ルカとマタイの語るイエスの誕生物語から、はっきり読み取ることができるのは、やっぱりマリアの怖れと不安だと思います。マリアは、いいなずけのヨセフにさえ、身ごもったことを素直に喜んでもらえないのです。ただでさえ、この先、赤ちゃんが生まれるまでをどう生きればいいのか、無事赤ちゃんを産むことが自分にできるのか、そんな不安があるのかもしれません。それなのに、いいなずけのヨセフは、マリアに起こったことを「正しい」とは思っていないのです。赤ちゃんが無事生まれたとしても誰とどう育てて行けばよいのか、「正しく」ないことをしたと思われている自分はこの先生きていてよいのだろうかとさえ思う、そういう恐れがマリアを襲っているということを物語は語っているんだと思います。

物語の舞台は二千年も前ですけれども、この不安と恐れは決して過去のものではありません。今も多くの女性たちが独りで、マリアと似たような不安と恐れに襲われているのではないかと思います。
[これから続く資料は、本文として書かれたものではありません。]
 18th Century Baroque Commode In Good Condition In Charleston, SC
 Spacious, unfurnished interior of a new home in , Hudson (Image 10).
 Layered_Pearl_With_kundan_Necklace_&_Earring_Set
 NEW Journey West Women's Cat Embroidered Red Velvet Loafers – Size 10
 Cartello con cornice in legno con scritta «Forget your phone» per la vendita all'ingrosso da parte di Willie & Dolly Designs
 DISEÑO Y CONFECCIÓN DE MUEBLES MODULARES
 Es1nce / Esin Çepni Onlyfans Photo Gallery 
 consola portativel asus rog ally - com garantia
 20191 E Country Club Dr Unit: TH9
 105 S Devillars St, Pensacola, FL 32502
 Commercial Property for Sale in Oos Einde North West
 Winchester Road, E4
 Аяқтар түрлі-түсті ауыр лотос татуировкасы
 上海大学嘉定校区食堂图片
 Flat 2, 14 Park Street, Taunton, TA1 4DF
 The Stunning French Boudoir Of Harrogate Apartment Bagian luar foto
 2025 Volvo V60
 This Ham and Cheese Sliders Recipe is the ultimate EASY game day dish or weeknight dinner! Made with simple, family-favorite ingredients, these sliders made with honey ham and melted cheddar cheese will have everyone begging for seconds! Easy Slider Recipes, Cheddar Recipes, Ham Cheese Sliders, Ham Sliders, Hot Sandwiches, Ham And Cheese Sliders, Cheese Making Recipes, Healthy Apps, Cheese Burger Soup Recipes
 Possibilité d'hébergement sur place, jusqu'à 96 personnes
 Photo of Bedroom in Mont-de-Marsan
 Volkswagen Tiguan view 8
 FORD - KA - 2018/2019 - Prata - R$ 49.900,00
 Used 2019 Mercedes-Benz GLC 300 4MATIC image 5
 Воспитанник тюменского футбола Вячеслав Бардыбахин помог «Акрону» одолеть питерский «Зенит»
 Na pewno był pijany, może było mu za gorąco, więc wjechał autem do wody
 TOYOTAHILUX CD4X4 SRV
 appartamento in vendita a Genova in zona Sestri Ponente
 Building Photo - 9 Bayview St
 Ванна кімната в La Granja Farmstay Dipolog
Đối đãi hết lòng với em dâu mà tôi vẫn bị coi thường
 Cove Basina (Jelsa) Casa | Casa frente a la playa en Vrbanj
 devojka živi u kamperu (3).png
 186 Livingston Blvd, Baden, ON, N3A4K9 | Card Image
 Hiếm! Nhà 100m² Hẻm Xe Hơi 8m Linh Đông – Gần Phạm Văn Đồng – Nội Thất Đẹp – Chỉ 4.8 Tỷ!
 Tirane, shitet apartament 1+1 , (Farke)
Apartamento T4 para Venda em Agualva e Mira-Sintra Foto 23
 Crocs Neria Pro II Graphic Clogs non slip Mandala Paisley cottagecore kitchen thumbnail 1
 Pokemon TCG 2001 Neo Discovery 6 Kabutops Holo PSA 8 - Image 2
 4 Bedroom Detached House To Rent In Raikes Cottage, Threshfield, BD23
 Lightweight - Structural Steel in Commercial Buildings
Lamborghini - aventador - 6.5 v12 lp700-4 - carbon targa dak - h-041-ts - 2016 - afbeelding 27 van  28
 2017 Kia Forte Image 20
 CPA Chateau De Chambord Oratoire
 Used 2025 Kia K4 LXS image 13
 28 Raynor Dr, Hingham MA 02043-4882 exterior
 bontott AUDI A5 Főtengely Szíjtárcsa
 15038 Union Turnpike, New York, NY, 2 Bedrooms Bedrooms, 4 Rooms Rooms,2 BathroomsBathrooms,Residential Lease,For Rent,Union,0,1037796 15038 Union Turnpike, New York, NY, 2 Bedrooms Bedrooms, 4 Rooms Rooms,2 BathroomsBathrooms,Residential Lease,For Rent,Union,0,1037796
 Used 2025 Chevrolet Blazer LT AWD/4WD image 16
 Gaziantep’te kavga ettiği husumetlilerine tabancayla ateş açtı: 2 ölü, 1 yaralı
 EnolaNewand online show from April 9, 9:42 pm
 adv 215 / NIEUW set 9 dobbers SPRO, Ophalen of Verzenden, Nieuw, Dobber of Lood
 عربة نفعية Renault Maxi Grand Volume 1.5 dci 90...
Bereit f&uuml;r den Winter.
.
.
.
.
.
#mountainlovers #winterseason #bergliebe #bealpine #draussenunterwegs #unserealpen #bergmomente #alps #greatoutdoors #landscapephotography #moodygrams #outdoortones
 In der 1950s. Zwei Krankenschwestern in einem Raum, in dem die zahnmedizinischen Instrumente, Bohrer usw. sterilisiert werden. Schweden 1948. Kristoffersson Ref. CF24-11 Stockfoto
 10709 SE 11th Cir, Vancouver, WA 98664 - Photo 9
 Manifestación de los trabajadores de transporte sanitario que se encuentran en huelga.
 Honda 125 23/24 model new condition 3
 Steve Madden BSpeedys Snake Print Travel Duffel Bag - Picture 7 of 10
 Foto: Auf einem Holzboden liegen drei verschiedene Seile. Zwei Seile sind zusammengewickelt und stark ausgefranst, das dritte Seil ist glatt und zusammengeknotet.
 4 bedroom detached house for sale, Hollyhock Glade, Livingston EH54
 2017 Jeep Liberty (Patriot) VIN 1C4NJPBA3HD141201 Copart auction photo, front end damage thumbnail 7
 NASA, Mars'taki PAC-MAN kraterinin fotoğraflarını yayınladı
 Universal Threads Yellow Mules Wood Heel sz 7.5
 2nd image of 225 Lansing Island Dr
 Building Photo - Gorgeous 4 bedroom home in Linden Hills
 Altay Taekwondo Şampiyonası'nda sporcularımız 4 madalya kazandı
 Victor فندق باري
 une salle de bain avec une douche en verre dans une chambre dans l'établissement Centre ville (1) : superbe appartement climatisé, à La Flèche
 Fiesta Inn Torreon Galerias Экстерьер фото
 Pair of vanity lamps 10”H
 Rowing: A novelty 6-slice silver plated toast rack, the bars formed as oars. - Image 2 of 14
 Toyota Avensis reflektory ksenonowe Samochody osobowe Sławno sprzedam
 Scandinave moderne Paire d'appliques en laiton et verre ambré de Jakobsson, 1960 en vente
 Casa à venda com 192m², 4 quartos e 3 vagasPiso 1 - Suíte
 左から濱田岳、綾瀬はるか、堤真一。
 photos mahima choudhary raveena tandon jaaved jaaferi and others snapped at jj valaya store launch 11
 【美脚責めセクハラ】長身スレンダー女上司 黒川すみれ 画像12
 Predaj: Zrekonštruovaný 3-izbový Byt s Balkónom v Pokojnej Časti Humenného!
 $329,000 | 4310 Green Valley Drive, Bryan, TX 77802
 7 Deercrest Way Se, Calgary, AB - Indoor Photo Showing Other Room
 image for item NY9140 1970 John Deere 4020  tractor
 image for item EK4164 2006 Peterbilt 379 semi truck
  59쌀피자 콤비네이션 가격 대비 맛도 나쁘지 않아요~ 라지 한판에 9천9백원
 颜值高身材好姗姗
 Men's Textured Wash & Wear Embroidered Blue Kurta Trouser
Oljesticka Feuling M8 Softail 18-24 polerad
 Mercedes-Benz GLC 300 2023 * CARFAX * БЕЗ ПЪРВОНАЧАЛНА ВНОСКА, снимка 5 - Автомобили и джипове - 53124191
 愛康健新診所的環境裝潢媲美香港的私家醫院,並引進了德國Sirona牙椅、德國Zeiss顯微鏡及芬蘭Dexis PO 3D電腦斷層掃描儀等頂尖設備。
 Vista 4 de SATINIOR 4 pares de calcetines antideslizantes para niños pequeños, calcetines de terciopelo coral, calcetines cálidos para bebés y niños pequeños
わたしたちは、いよいよ明日、今年のクリスマスを迎えます。クリスマスはいつも、多くの人々を喜びに満たす一方で、やはり多くの人々に孤独を感じさせ、不安と恐れをもたらすものでもあります。けれども、今年のクリスマスはまた特別です。残念ながら、クリスマスだからといって、ホッとしたり、安心したりすることは誰にもできません。生きるか死ぬかの瀬戸際に置かれている人々も大勢います。恐れも不安もないという人がいたとしても、たぶん虚勢を張っているだけなのではないでしょうか。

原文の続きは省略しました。